Comer en familia también enseña a los niños a mantener una conversación –a escuchar y a contar– y, al parecer, les suministra la mayor parte de su vocabulario.
Además –y esto es más importante–, las comidas son ocasiones naturales para asimilar la historia y los valores de la familia, y a aplicar esos valores en la vida cotidiana y a los problemas y oportunidades que encontrarán en la sociedad. Muchos de esos valores pueden hacerse virtudes alrededor de la mesa misma: estar atento a las necesidades de los demás, levantar el ánimo con una anécdota divertida, generosidad para dejar a otro la mejor porción de postre...; o inmediatamente antes y después: cuando los niños ayudan a preparar la comida y a quitar la mesa y fregar los platos, aprenden a servir a los demás y también a cuidar de sí mismos.
Una forma fácil de cuidar la familia
Con todo esto y mucho más a su favor, ¿por qué ha decaído la comida familiar? Actúan, por una parte, fuerzas exteriores, como la competencia de la comida rápida y las distracciones electrónicas que tanto se han multiplicado. Por otra parte, hay también factores como el trabajo de las madres fuera del hogar (el estudio de Minnesota muestra una correlación entre comidas familiares y madres que solo trabajan como amas de casa), horarios de trabajo excesivos (sobre todo entre los padres), niños con demasiadas actividades (entrenamientos, natación, clases de música...) y madres separadas o solas.

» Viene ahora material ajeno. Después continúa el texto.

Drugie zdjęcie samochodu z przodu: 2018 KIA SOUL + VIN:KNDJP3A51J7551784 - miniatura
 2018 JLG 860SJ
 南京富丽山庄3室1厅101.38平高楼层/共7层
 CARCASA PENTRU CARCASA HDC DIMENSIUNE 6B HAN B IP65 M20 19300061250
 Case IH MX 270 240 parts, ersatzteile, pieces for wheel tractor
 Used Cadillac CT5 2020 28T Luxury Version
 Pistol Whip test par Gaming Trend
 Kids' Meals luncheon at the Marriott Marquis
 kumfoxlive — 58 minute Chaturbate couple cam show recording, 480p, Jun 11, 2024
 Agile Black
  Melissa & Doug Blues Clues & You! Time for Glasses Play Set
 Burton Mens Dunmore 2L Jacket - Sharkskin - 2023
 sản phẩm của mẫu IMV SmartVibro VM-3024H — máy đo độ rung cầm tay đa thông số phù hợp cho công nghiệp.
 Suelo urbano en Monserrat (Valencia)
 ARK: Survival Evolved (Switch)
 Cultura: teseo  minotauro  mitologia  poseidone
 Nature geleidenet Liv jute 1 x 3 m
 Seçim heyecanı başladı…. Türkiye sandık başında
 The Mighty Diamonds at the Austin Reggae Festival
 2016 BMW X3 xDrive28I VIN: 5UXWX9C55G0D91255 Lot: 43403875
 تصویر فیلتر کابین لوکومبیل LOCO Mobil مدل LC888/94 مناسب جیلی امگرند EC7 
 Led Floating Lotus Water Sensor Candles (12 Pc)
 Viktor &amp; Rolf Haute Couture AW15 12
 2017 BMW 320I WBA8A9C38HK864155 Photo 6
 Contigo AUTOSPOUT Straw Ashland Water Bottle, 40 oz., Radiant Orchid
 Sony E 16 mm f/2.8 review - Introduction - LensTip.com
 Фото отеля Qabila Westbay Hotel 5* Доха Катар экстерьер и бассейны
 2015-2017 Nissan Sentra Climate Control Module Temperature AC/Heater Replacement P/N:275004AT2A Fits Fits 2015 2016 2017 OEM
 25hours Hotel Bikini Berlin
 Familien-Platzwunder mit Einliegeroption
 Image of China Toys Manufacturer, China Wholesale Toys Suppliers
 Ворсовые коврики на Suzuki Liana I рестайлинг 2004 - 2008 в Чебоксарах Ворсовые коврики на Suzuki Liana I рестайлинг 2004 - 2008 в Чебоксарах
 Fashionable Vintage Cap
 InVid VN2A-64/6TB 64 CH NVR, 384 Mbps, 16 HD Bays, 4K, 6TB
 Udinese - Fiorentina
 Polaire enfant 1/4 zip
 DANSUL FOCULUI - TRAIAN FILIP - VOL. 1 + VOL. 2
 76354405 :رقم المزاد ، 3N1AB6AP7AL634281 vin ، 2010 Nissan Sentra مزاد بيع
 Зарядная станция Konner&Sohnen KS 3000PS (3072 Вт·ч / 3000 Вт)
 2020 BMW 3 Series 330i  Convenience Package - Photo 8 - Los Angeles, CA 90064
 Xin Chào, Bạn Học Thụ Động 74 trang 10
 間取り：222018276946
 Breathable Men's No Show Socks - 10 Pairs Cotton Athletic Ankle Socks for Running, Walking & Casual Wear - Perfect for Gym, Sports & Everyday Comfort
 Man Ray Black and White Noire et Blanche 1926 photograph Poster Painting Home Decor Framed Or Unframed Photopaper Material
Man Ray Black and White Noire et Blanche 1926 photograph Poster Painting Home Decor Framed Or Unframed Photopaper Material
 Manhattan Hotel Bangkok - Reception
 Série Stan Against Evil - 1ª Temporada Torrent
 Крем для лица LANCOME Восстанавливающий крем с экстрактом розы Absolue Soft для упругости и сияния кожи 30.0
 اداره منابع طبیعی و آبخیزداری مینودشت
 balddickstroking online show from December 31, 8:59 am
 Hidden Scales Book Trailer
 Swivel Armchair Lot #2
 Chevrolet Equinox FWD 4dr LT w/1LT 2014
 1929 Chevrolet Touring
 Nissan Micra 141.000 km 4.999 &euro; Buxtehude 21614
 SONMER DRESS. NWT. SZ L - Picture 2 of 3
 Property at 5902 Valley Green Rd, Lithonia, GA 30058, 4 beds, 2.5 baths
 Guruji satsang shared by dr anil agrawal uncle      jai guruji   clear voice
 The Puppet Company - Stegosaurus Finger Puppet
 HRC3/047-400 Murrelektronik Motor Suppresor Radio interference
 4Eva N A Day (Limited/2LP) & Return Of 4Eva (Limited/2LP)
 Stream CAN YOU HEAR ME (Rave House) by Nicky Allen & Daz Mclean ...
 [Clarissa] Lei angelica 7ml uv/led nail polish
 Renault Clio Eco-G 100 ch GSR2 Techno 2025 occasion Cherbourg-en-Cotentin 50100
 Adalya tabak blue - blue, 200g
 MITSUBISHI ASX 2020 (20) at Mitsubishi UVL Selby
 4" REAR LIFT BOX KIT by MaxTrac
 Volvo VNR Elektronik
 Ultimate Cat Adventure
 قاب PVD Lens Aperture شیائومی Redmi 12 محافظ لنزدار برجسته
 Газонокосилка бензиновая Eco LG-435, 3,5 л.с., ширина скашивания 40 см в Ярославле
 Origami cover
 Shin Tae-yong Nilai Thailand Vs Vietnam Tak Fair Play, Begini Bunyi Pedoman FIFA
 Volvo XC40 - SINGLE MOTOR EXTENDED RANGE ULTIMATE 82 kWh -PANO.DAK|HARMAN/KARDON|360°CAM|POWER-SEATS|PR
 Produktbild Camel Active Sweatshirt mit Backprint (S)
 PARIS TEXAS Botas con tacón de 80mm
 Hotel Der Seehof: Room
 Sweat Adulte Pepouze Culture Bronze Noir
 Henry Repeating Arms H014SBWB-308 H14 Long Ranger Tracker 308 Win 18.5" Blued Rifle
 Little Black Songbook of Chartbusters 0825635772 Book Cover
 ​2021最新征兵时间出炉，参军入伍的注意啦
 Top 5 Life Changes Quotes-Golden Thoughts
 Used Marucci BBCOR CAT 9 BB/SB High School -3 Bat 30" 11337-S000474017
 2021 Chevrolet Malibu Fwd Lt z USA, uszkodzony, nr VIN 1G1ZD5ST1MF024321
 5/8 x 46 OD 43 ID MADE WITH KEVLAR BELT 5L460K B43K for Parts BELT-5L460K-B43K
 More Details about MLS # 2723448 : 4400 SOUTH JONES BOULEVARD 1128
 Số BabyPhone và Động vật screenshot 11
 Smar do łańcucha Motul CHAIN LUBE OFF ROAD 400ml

Pero, con excepción de la madre sola (un padre que vive en alguna parte pero nunca está a la mesa es un obstáculo permanente, psicológico y también práctico, para la cena familiar), ¿no son, en el fondo, excusas todas o casi todas las demás razones para no comer en familia?
En un reciente artículo del "Wall Street Journal" (29-07-2005), el editor neoyorquino Cameron Stracher indicaba una razón, que por lo general no se reconoce, del declive de las comidas en familia: los padres no quieren comer con sus hijos. Decía Stracher: "Muchos hombres dicen que, si hubieran de escoger entre tiempo y dinero, optarían por el tiempo; en realidad, escogen el dinero. Al fin y al cabo, ¿quién quiere habérselas con una niña de seis años presa de una rabieta porque le han puesto la pasta con salsa verde? Es mucho más cómodo quedarse en la oficina, encargar la cena, tomar una cerveza y volver a casa cuando los niños ya están durmiendo. Hay familias en que padre y madre están en casa pero esperan para cenar hasta que los niños se hayan ido a la cama. Como me dijo una madre: 'No es divertido comer con ellos'".
Stracher, por su parte, ha decidido cooperar: ha instaurado las "cenas con papá", comprometiéndose a cenar con su mujer y sus dos hijos al menos cinco noches por semana durante un año entero.
Nadie debería restar importancia a las fuerzas que hoy amenazan la cohesión de la familia y convierten a sus miembros en compañeros de piso que comen solos y tienen su comunidad en otra parte. Comer juntos no es todo, cuando se trata de intimidad familiar y del bienestar de los pequeños; pero sin duda es una parte y, como Weinstein sugiere, la parte más factible. Añadamos fuerza de voluntad y la comida familiar recobrará su puesto en el hogar.
- Miriam Weinstein, "The Surprising Power of Family Meals: How Eating Together Makes Us Smarter, Stronger, Healthier and Happier", Steerforth, Hanover (EE.UU.)